The Role of Structural Biology Task Force: Validation of the Binding Mode of Repurposed Drugs Against SARS-CoV-2 Protein Targets: Focus on SARS-CoV-2 Main Protease (Mpro): A Promising Target for COVID-19 Treatment

The main protease (Mpro) of SARS-CoV-2, a cysteine protease that plays a key role in generating the active proteins essential for coronavirus replication, is a validated drug target for treating COVID-19. The structure of Mpro has been elucidated by macromolecular crystallography, but owing to its conformational flexibility, finding effective inhibitory ligands was challenging.
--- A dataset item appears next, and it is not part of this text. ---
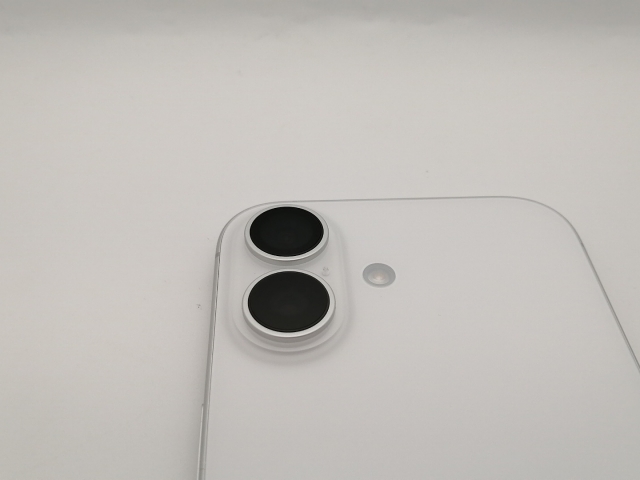 【中古】Apple 国内版 【SIMフリー】 iPhone 17 256GB ホワイト MG684J/A【新宿】保証期間１ヶ月【ランクA】_6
Screening libraries of ligands as part of EXaSCale smArt pLatform Against paThogEns (ExScalate4CoV) yielded several potential drug molecules that inhibit SARS-CoV-2 replication in vitro. We solved the crystal structures of Mpro in complex with repurposed drugs like myricetin, a natural flavonoid, and MG-132, a synthetic peptide aldehyde. We found that both inhibitors covalently bind the catalytic cysteine. Notably, myricetin has an unexpected binding mode, showing an inverted orientation with respect to that of the flavonoid baicalein. Moreover, the crystallographic model validates the docking pose suggested by molecular dynamics experiments. The mechanism of MG-132 activity against SARS-CoV-2 Mpro was elucidated by comparison of apo and inhibitor-bound crystals, showing that regardless of the redox state of the environment and the crystalline symmetry, this inhibitor binds covalently to Cys145 with a well-preserved binding pose that extends along the whole substrate binding site. MG-132 also fits well into the catalytic pocket of human cathepsin L, as shown by computational docking, suggesting that it might represent a good start to developing dual-targeting drugs against COVID-19. © 2023, The Author(s), under exclusive license to Springer Nature Switzerland AG.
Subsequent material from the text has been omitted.